What is required: Below are several records. Retype exactly those lines running from the one with "By:Manish Swarnkar" through the one with "1) Checkbox is", end lines included, and no others.

Supplied records:

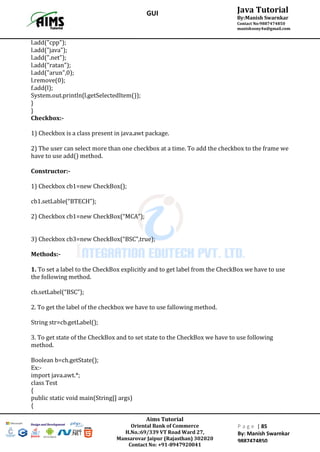 Aims Tutorial
Oriental Bank of Commerce
H.No.:69/339 VT Road Ward 27,
Mansarovar Jaipur (Rajasthan) 302020
Contact No: +91-8947920041
P a g e | 85
By: Manish Swarnkar
9887474850
Java Tutorial
By:Manish Swarnkar
Contact No:9887474850
manishsony4u@gmail.com
GUI
l.add("cpp");
l.add("java");
l.add(".net");
l.add("ratan");
l.add("arun",0);
l.remove(0);
f.add(l);
System.out.println(l.getSelectedItem());
}
}
Checkbox:-
1) Checkbox is a class present in java.awt package.
2) The user can select more than one checkbox at a time. To add the checkbox to the frame we
have to use add() method.
Constructor:-
1) Checkbox cb1=new CheckBox();
cb1.setLable(“BTECH”);
2) Checkbox cb1=new CheckBox(“MCA”);
3) Checkbox cb3=new CheckBox(“BSC”,true);
Methods:-
1. To set a label to the CheckBox explicitly and to get label from the CheckBox we have to use
the following method.
cb.setLabel(“BSC”);
2. To get the label of the checkbox we have to use fallowing method.
String str=cb.getLabel();
3. To get state of the CheckBox and to set state to the CheckBox we have to use following
method.
Boolean b=ch.getState();
Ex:-
import java.awt.*;
class Test
{
public static void main(String[] args)
{
 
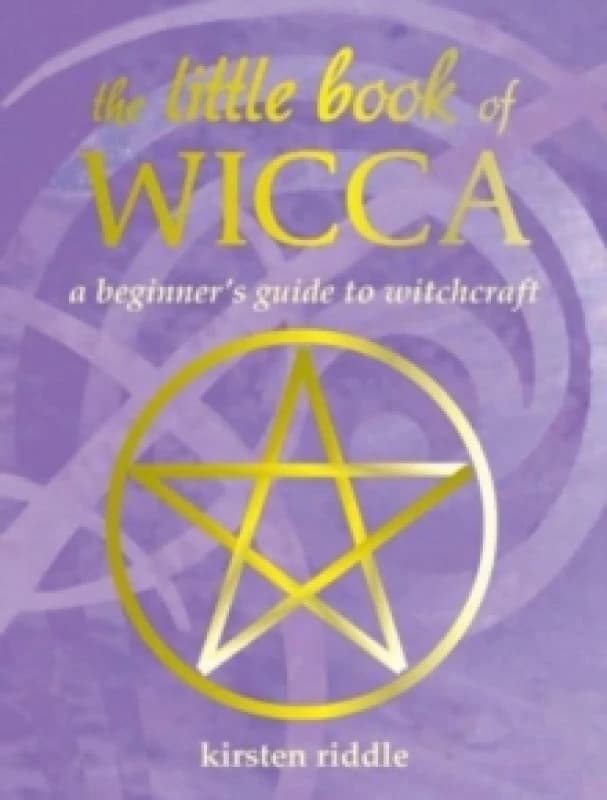 The Little Book of Wicca : A Beginner's Guide to Witchcraft Hardback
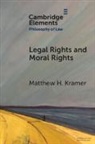 Matthew H. Kramer, Matthew H. (University of Cambridge) Kramer - Legal Rights and Moral Rights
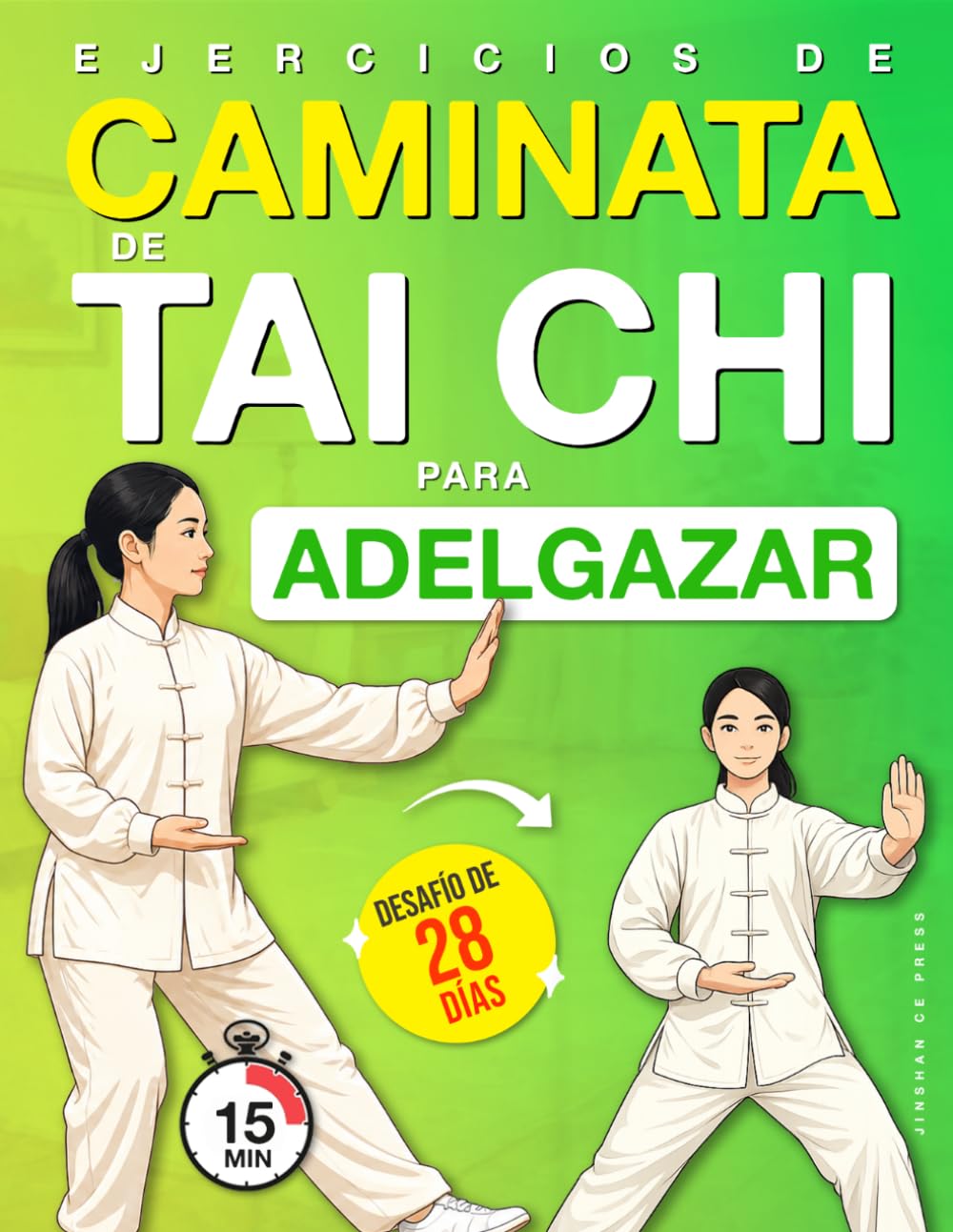 Libro: Ejercicios de Caminata de Tai Chi para Adelgazar: Programa paso a paso para bajar de peso, mejorar el equilibrio y moverse con mayor fluidez - Incluye un desafío de 28 días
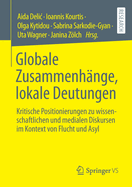 Globale Zusammenhange, lokale Deutungen: Kritische Positionierungen zu wissenschaftlichen und medialen Diskursen im Kontext von Flucht und Asyl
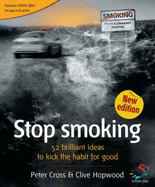 Stop Smoking: 52 Brilliant Ideas for Kicking the Habit for Good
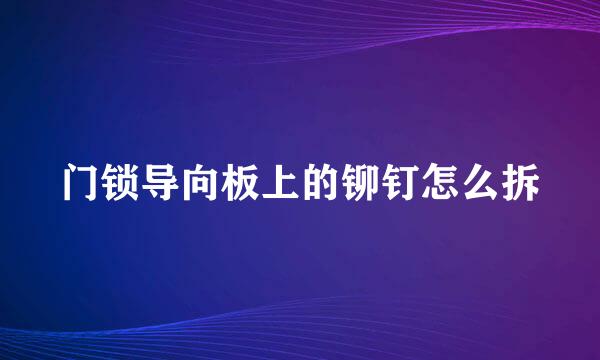 门锁导向板上的铆钉怎么拆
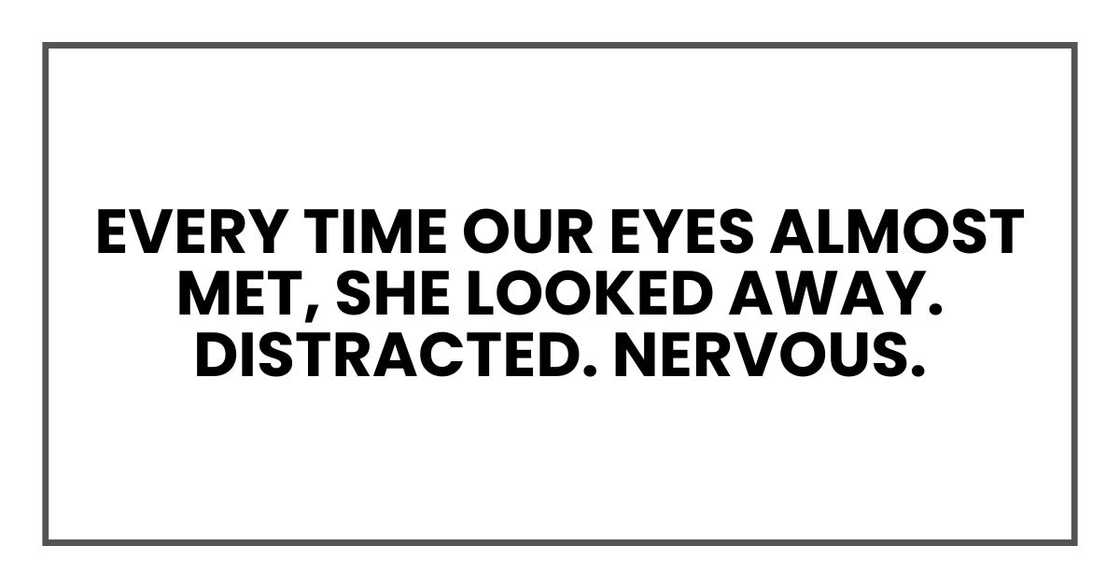 Every time our eyes almost met, she looked away. Distracted. Nervous. Every time our eyes almost met, she looked away. Distracted. Nervous.
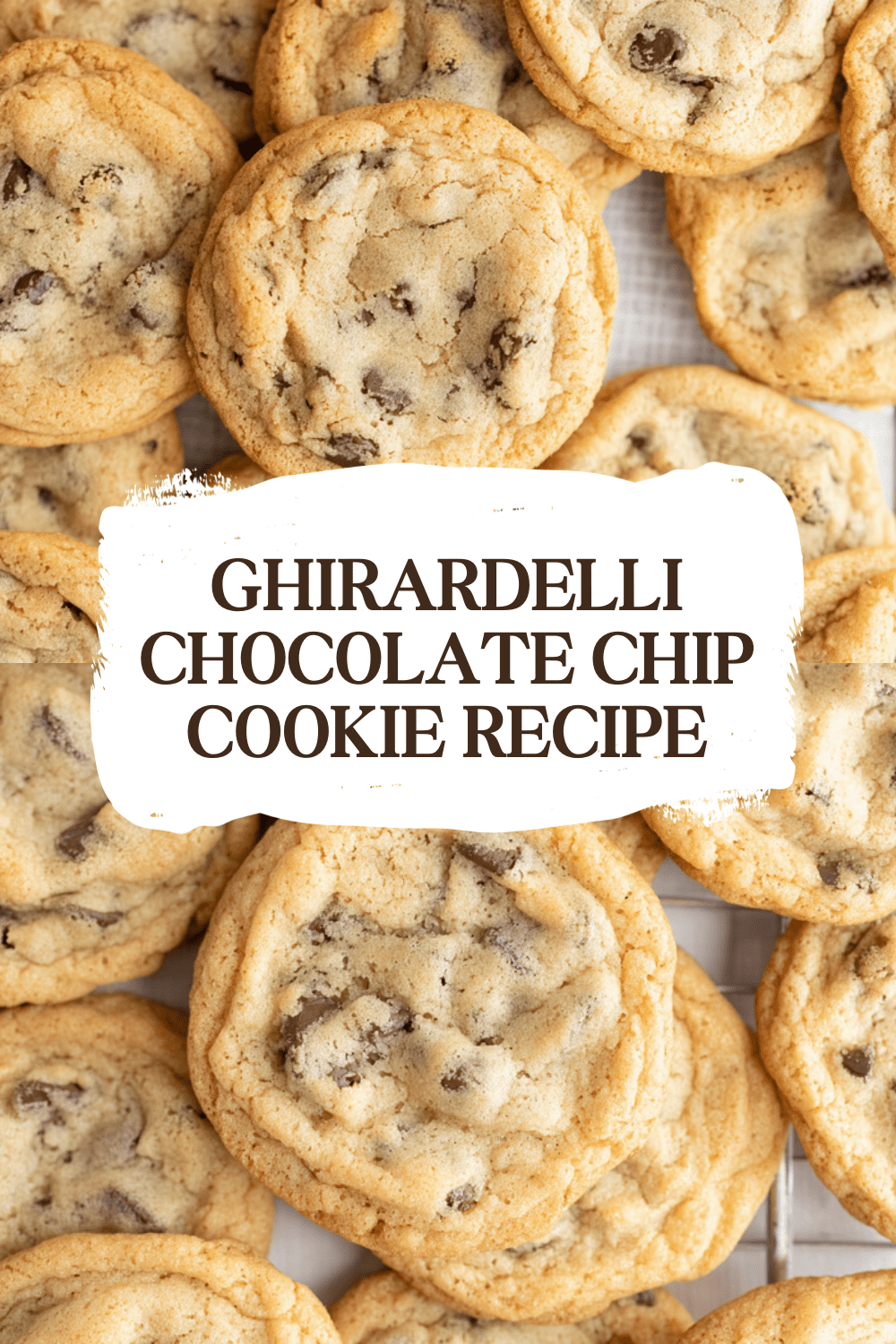 Ghirardelli Chocolate Chip Cookie Recipe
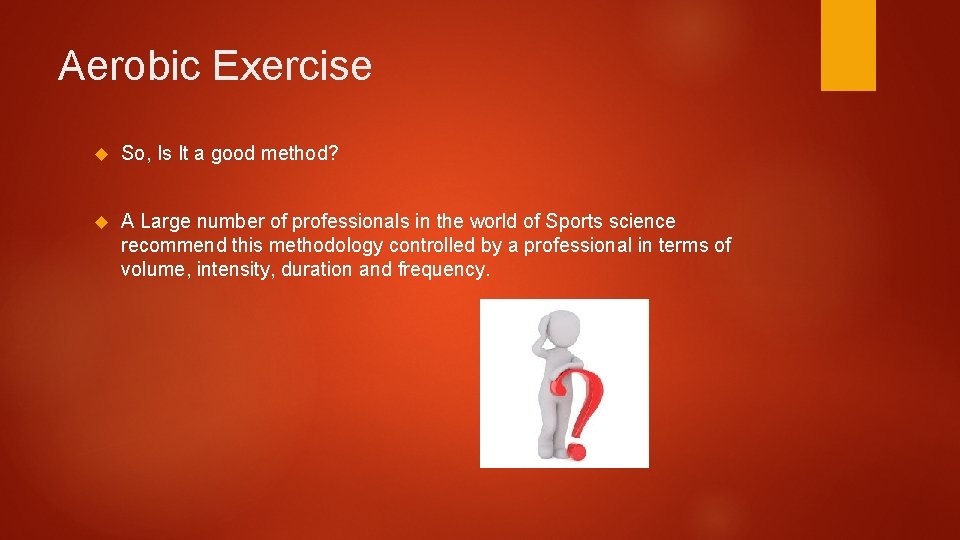 Aerobic Exercise So, Is It a good method? A Large number of professionals in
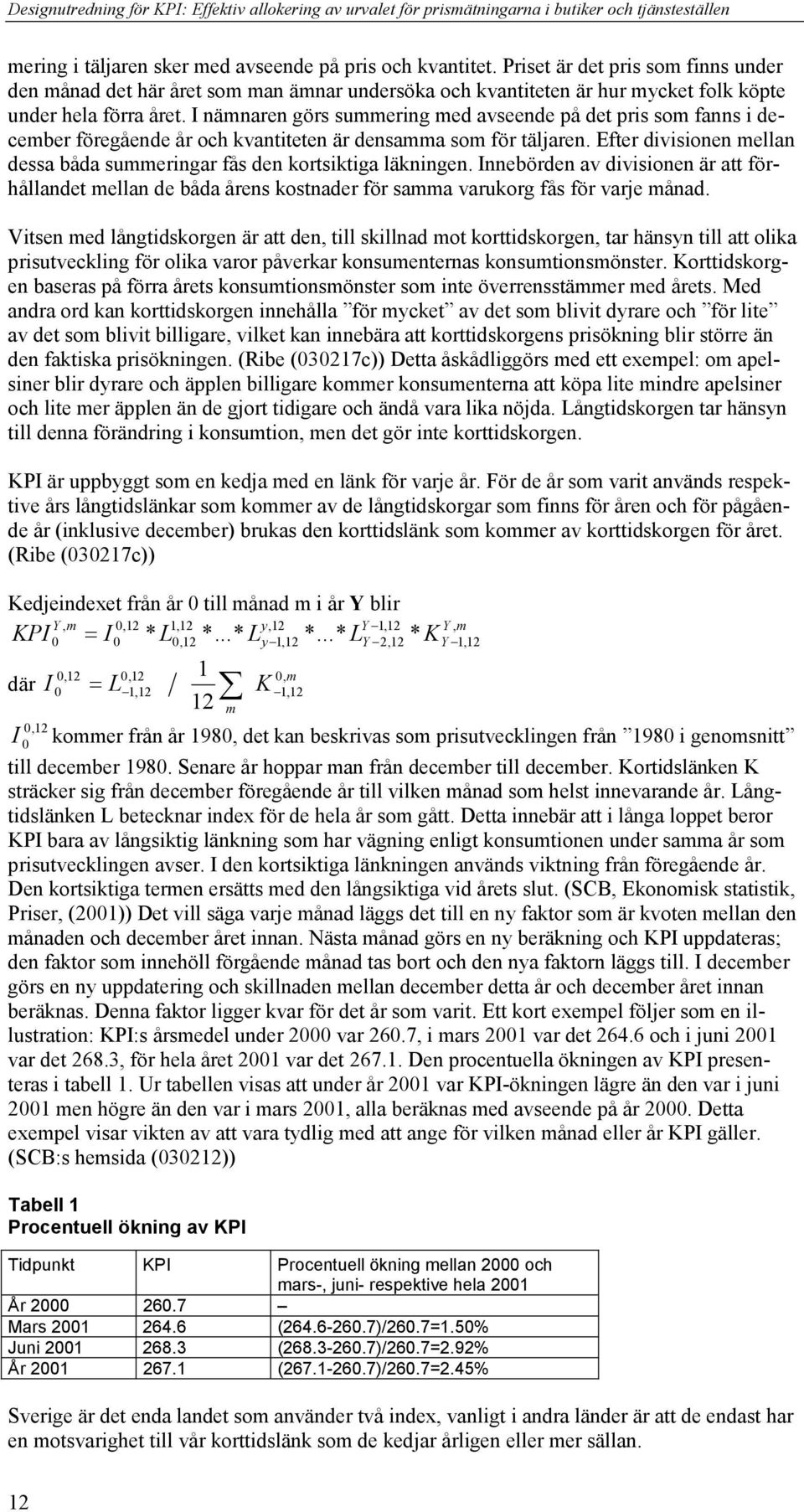 I äare örs sueri ed avseede på det pris so fas i deceber föreåede år oc kvatitete är desaa so för täljare. Efter divisioe ella dessa båda sueriar fås de kortsiktia läkie.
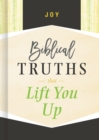 Joy : Biblical Truths that Lift You Up - eBook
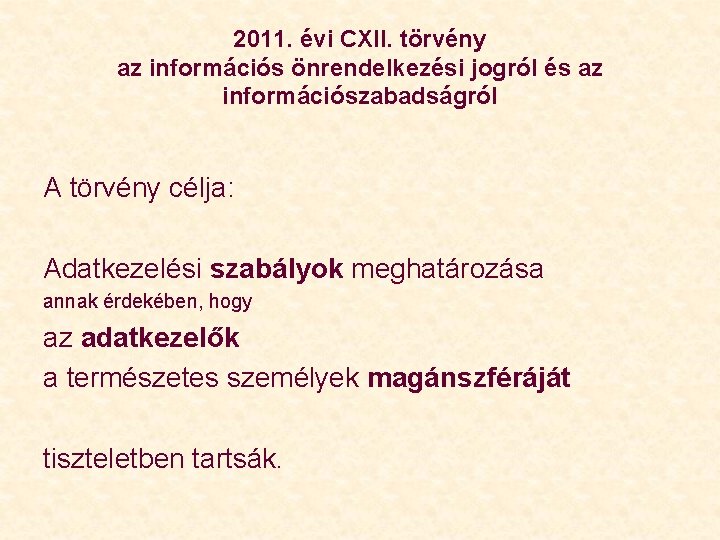 2011. évi CXII. törvény az információs önrendelkezési jogról és az információszabadságról A törvény célja:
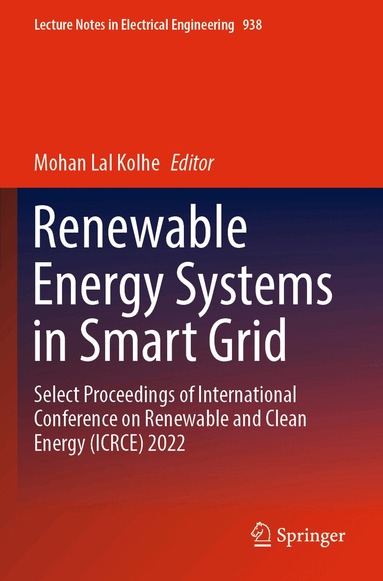 Mohan Lal Kolhe - Renewable Energy Systems in Smart Grid, Häftad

Output:
By:Manish Swarnkar
Contact No:9887474850
manishsony4u@gmail.com
GUI
l.add("cpp");
l.add("java");
l.add(".net");
l.add("ratan");
l.add("arun",0);
l.remove(0);
f.add(l);
System.out.println(l.getSelectedItem());
}
}
Checkbox:-
1) Checkbox is a class present in java.awt package.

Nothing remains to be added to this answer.